A partir du XII° siècle avant JC, émerge la théorie du mandat céleste. C’est sous la plume de la dynastie régnante alors en place : les Zhou. Le souverain serait le fils du Ciel donc il fait l’intermédiaire entre le Ciel et la terre. Il a pour but de maintenir le monde en paix et faire régner sur eux la paix. Il maintient ainsi l’ordre cosmique. Cette théorie a servi dés son apparition pour la dynastie qui renversait la précédente. C’est un discours politique qui a justifié la rébellion des Zhou contre les Shang. Ils étaient chargés par une entité supérieure d’envahir leur ennemi. C’est une théorie assez primitive voire chamanique. Le pouvoir serait d’essence chamanique, celui qui tient le pouvoir l’a d’un mandat céleste.

Cela se complète au fil des années et des siècles et amène la notion de bon gouvernement. Dans cette théorie, le Ciel donne ou retire à une lignée son pouvoir et sa mission de gouverner. Si un empereur vivait dans la débauche, alors comme cela perturberait l’ordre du monde, il en perdrait son mandat céleste.
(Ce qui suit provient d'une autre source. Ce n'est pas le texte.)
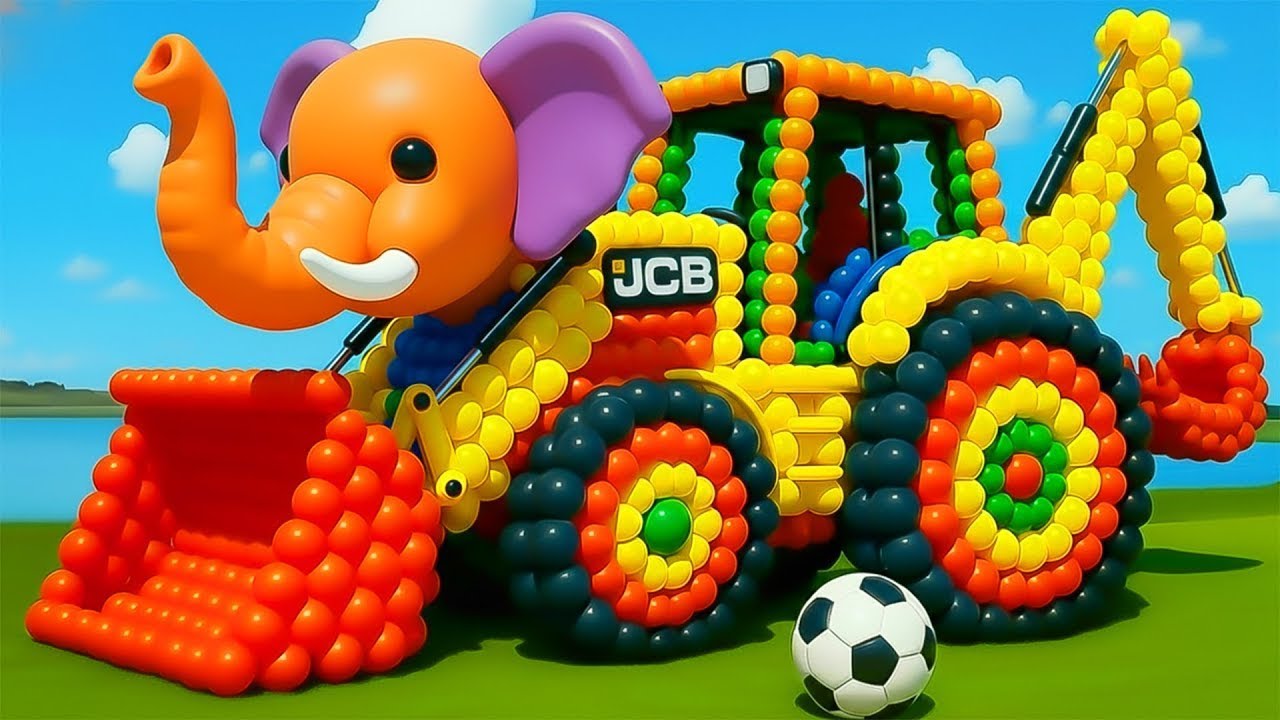 The mascot vibrato assistant JCB and Tractor placed on the football field is popular, co produced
En revanche, s’il y a des tempêtes, des famines, des inondations, … Tout cela sont des signes du Ciel que le souverain a perdu son pouvoir céleste.
C’est une conception à la fois fataliste mais aussi cyclique (un souverain monte en efficacité puis sous la corruption redescend). Cela était une théorie explicative qui avait lieu historiquement dans les élèves de la Chine médiévale : un changement de dynastie est lié au retrait d’un pouvoir céleste au profit d’une nouvelle dynastie. Ainsi, on a des cycles dans le pouvoir avec des signes qui annonce son déclin, une forme de fatalisme inévitable demeure dans cette théorie.
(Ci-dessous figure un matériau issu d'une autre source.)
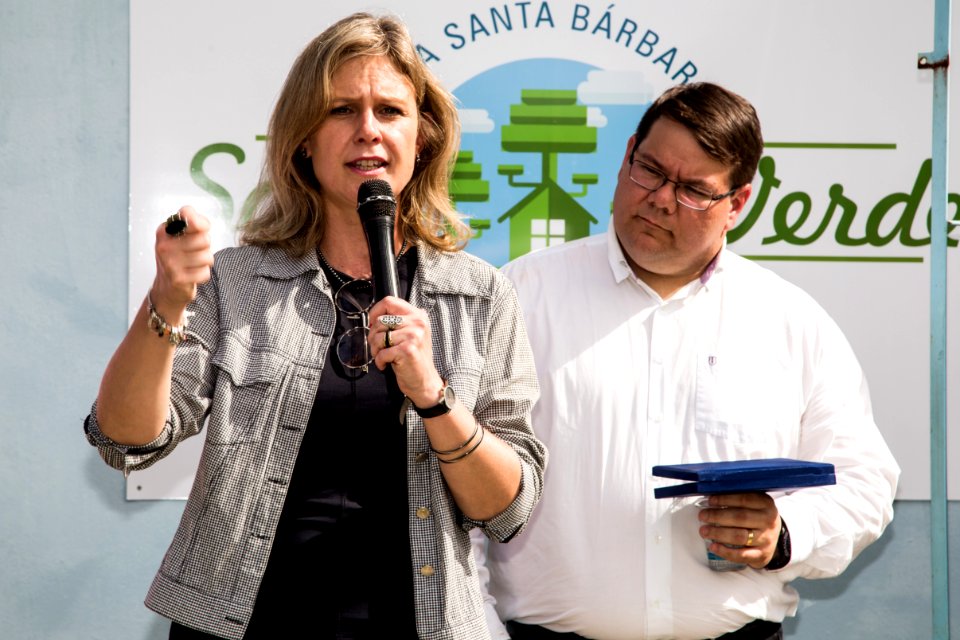 22.10.2018 - Prefeita Paula Mascarenhas durante cerimônia de 50 anos da Barragem Santa Bárbara - Foto: Gustavo Vara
En conséquence, les rituels qui accompagnaient ce mandat céleste se transmettent de dynasties en dynasties. Ces rituels doivent maintenir l’équilibre du monde et la paix dans l’Empire.
Chaque printemps, l’empereur sortait de son palais muni d’un araire et fendait un premier sillon dans le sol. Ce rituel très festif était censé représenté la fertilisation de la terre, l’ouverture de la saison agricole. Il prônait l’espoir d’une bonne récolte.